The federal government substantially lowered its estimate of how much the U.S. economy grew in the fourth quarter to reflect more comprehensive data showing consumer spending grew more slowly than first thought.
Real gross domestic product – the output of goods and services produced by labor and property located in the United States adjusted for inflation – increased at an annual rate of 2.4 percent in the fourth quarter of 2013 (that is, from the third quarter to the fourth quarter), according to the “second” estimate released Friday by the Bureau of Economic Analysis. In the third quarter, real GDP increased 4.1 percent. Friday‘s GDP estimate is based on more complete source data than were available for the “advance” estimate issued last month. In the advance estimate, the increase in real GDP was 3.2 percent.

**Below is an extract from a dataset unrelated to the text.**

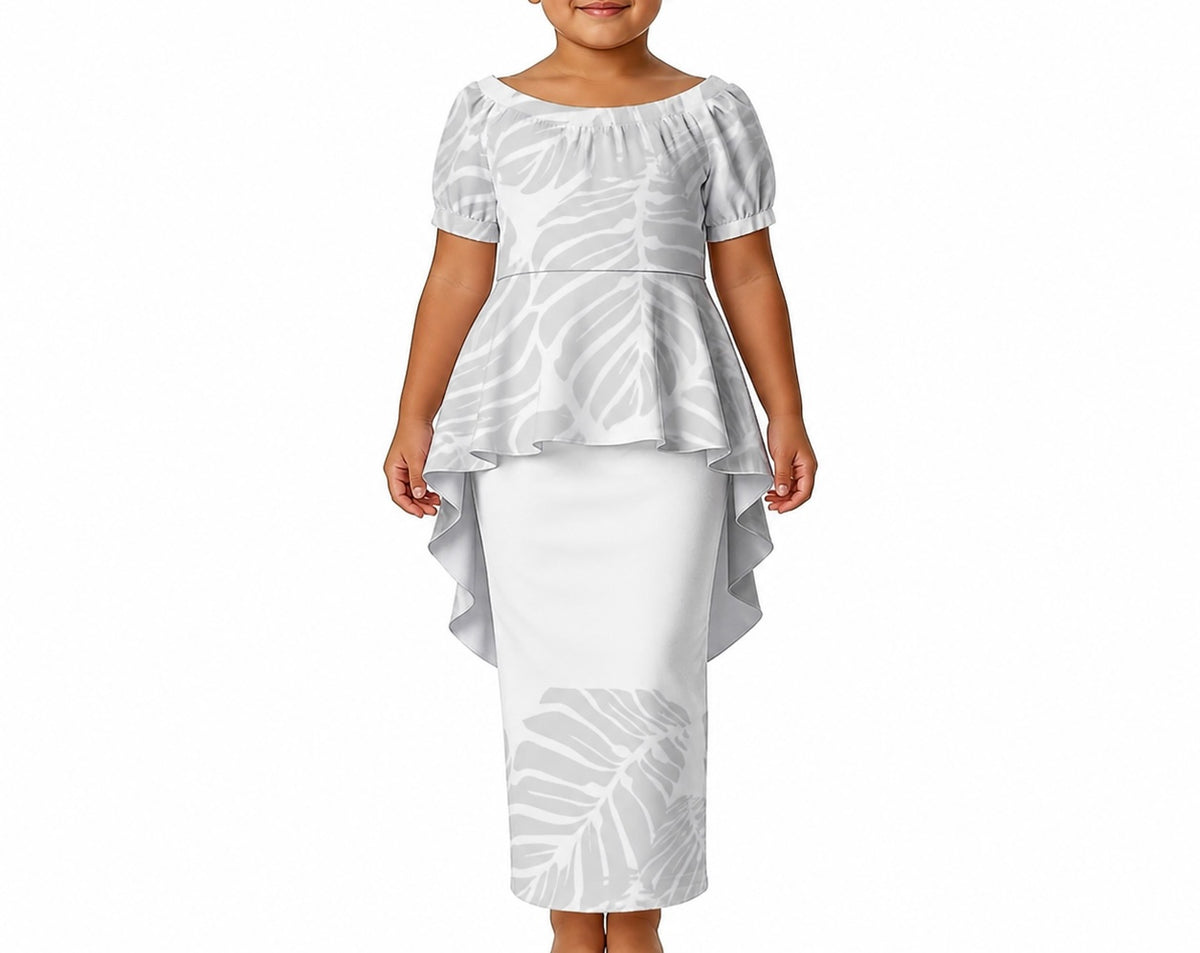 Bless Collection: Girl’s Drape Puletasi Dress - White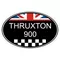 Triumph Thruxton 900 Oval with British Flag Decal / Sticker 49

With this second estimate for the fourth quarter, an increase in personal consumption expenditures (PCE) was smaller than previously estimated.
BEA now estimates that real GDP increased 1.9 percent in 2013, compared with 2.8 percent in 2012. When expressed in current dollars, current-dollar GDP increased 3.4 percent compared with an increase of 4.6 percent in 2012. The deceleration in growth in 2013 primarily reflected slower growth in nonresidential fixed investment, a larger decrease in federal government spending, and decelerations in PCE and in exports that were partly offset by a deceleration in imports and a smaller decrease in state and local government spending.